Impostor Syndrome merupakan istilah bagi seseorang yang tidak pernah merasa puas dan takut gagal. Foto: medical-leader.org

Diamma.com- Belakangan ini, ‘Among Us’ menjadi perbincangan hangat dikalangan pecinta gim di seluruh dunia. Dalam ‘Among Us’, terkenal dengan Impostor, salah satu peran yang bertugas sabotase dan membunuh para crewmate. Tak hanya itu, viralnya game ini pun melahirkan istilah baru, yaitu Impostor Syndrome. Sebenarnya, apa itu Impostor Syndrome?

Impostor Syndrome merupakan istilah untuk perilaku seseorang yang merasa takut gagal dan meragukan kemampuannya. Ironisnya, kondisi ini justru dialami oleh orang yang berprestasi. Kemudian, orang yang mengalami Impostor Syndrome akan tetap memberikan keberhasilan seseorang tetapi hanya keberuntungan sesaat dan bukan karena keberuntungannya.

Namun, hal berbeda diungkapkan oleh Kasandra Putranto, seorang Psikolog Klinis dari Kasandra & Associate. Ia mengungkapkan bahwa sebenarnya Impostor Syndrome bukanlah istilah resmi yang dikeluarkan oleh para ahli.

“Impostor Syndrome ini bukan hasil dari konsesus atau hasil penelitian dari para ahli yang kemudian dijadikan golongan atau diagnosa yang tepat,” papar Kasandra, melansir Detik.

“Istilah Impostor Syndrome ini juga bagi saya semacam diagnosa keranjang sampah. Akhirnya semua kriteria dimasukkan.

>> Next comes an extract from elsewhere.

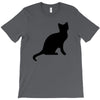 cat black had T-Shirt
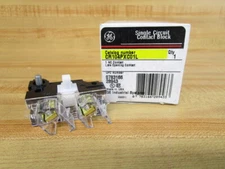General Electric CR104PXC01L GE Contact Block CR104P W/Guard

Jadi orang merasa ‘oh mirip ya’ ini juga secara psikologis ada kondisi psikologis sendiri yang akhirnya mungkin atau suka self diagnosis,” tambahnya.

Lantas bagaimana dan seperti apa sikap individu dengan impostor syndrome?

Tidak Pernah Merasa Puas dalam Pencapaian Hidup Sendiri

Pengidap Impostor Syndrome sering menganggap dirinya tidak istimewa. Ia merasa bahwa setiap orang bisa meraih apa yang telah dirinya capai. Oleh karena itu, semua yang ia capai bukan lah hal yang ‘Wah’ lagi. Selain itu, ekspektasinya yang tinggi juga jarang mengapresiasi apa yang telah ia raih.

Menganggap Pendirian Hanya Pencapaian Ataupun Kebetulan Sesaat

Orang yang mengalami Impostor Syndrome mengatakan bahwa semua pencapaian diri sendiri hanya kebetulan dan keberuntungan. Ia berpikir bahwa apa pun yang dicapai hanyalah sebuah kebetulan. Oleh karena itu, ia meyakini pencapaiannya tidak ada hubungannya dengan kemampuan yang dimiliki.

Sulitnya Menaruh Harapan Pujian dari Orang Lain

Ia akan sulit menerima pujian dari orang lain. Ia beranggapan pujian dapat menaruh harapan tinggi. Bahkan, ia dapat merasa tersinggung atas pujian tersebut karena menganggap dirinya tidak layak. Baginya, sebuah pujian hanyalah suatu bentuk basa-basi.